In crediting luck, Buffett not only points to the birth lottery, in which some people are born into more privileged circumstances than others, but also recognizes that to a great extent he owes the accomplishments of his professional life to the manifold contributions of other people, known and unknown, past and present. They have collectively done Buffett enormous favors, affording him security and education, providing modern infrastructure, science and communications systems and creating a sophisticated market in which he could do business. Because of this, Buffett claims, “society is responsible for a very significant percentage of what I’ve earned.”
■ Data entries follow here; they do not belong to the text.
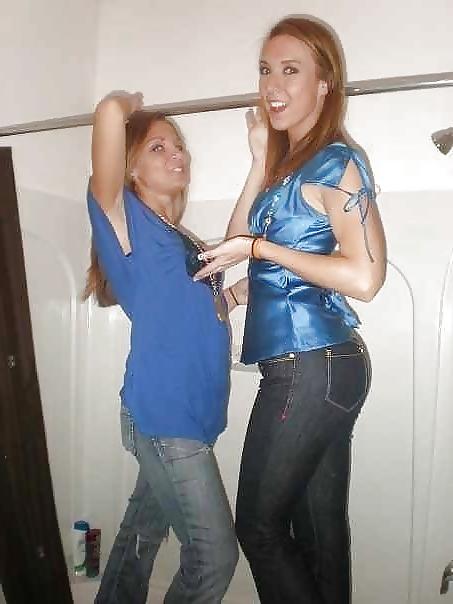 15P Cute girls with nice tits and ass facebook pics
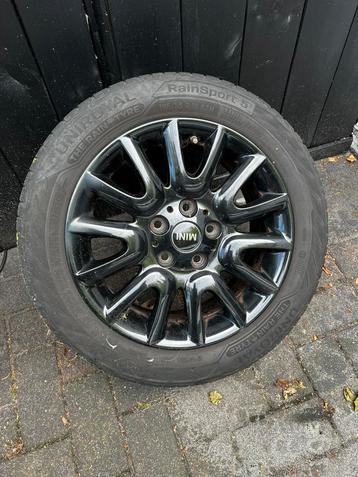 Mini f56 velgen+banden 195/55/16 beschikbaar voor biedingen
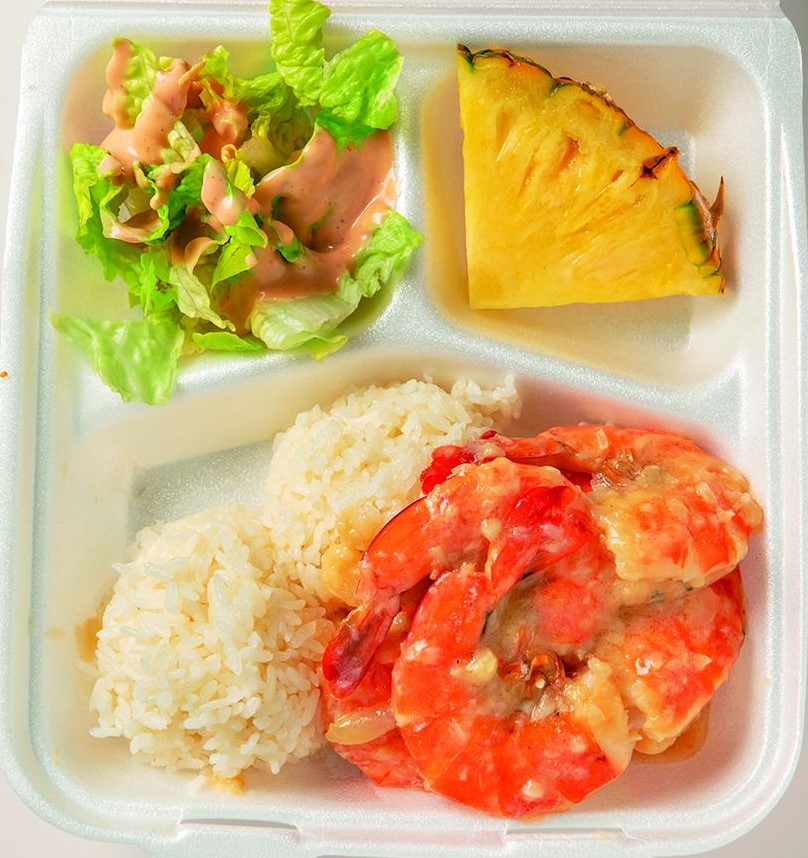 ガーリックシュリンプ（$15）は、高品質なバターを使ったソースとプリプリのエビの絡みが最高！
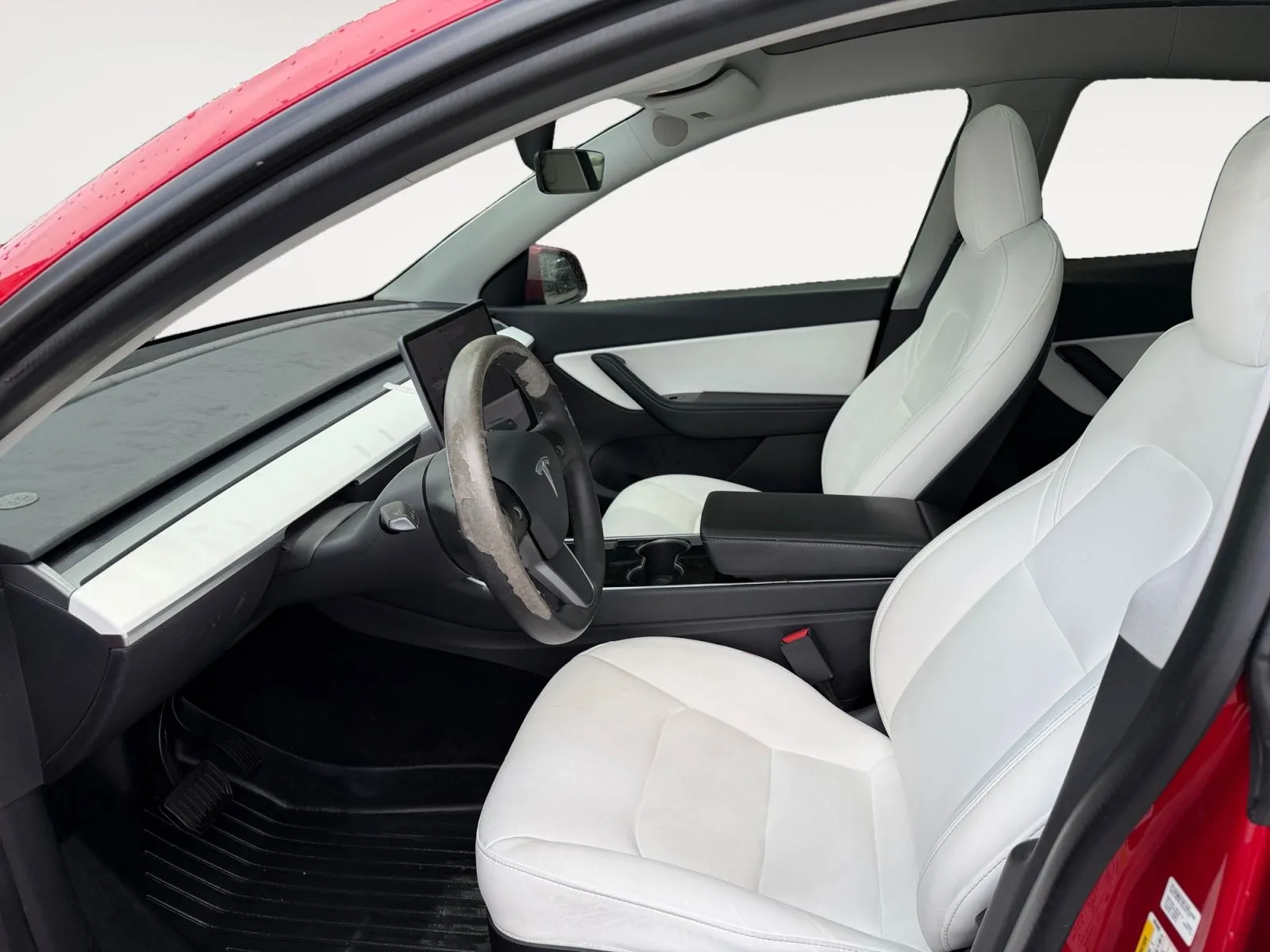 Tesla Model Y photo 9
“But if this is true,” ask Gar Alperovitz and Lew Daly in Unjust Deserts, “doesn’t society deserve a very significant share of what [Buffett] has received?” This question clearly indicates how thoroughly Alperovitz and Daly want their new book to upend commonplace notions about the relationships between economic growth, productivity and wealth. The duo cite “extraordinary developments” in the study of knowledge and economic growth as the foundation of their contentions. But they are actually returning the economic discussion to where it started, with Smith, Ricardo, Mill and Marx–to moral philosophy and debates about the values that should inform public policy. Their foremost ethical question is, given that we owe most of our productivity to a common social inheritance, to what extent can we say that we have “earned” our personal wealth? If we see far, it is because we stand on the shoulders of giants, the argument goes. Therefore, a large portion of what we claim as payment for our productivity should actually go to the Goliaths who are doing the heavy work of holding us up. Even if your eyesight is much better than average, your individual claim is limited.
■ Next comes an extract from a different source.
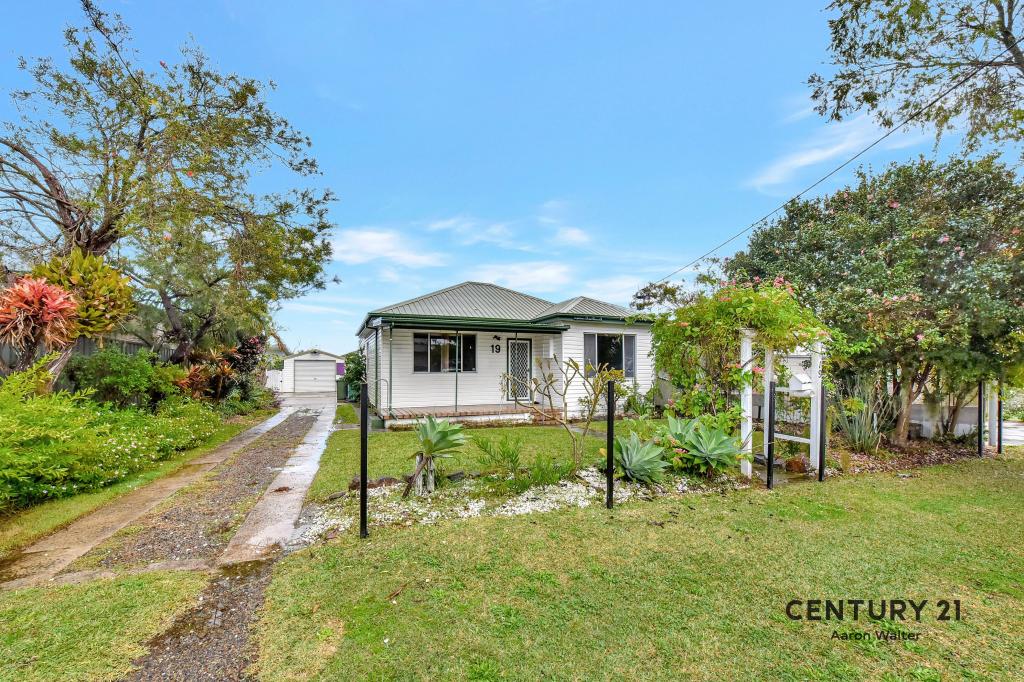 19 Margaret St, Warners Bay, NSW 2282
Most of us with regular work lives get up in the morning, expend our energy and intelligence to meet the day’s challenges and retire, depleted, in the evening. In this respect, Alperovitz and Daly claim, we toil away our workdays just as, for example, subsistence farmers did for thousands of years. What makes us more “productive” than these forebears–in the sense that they often struggled to ward off starvation, while we, relatively speaking, are surrounded by abundance–is not our individual strength, initiative or daring. Rather, it is our inheritance of thousands of years of cultural knowledge, innovation and discovery. Owing to this legacy, a person in the United States working the same number of hours as an American from as recently as 1870 will produce, on average, some fifteen times more economic output.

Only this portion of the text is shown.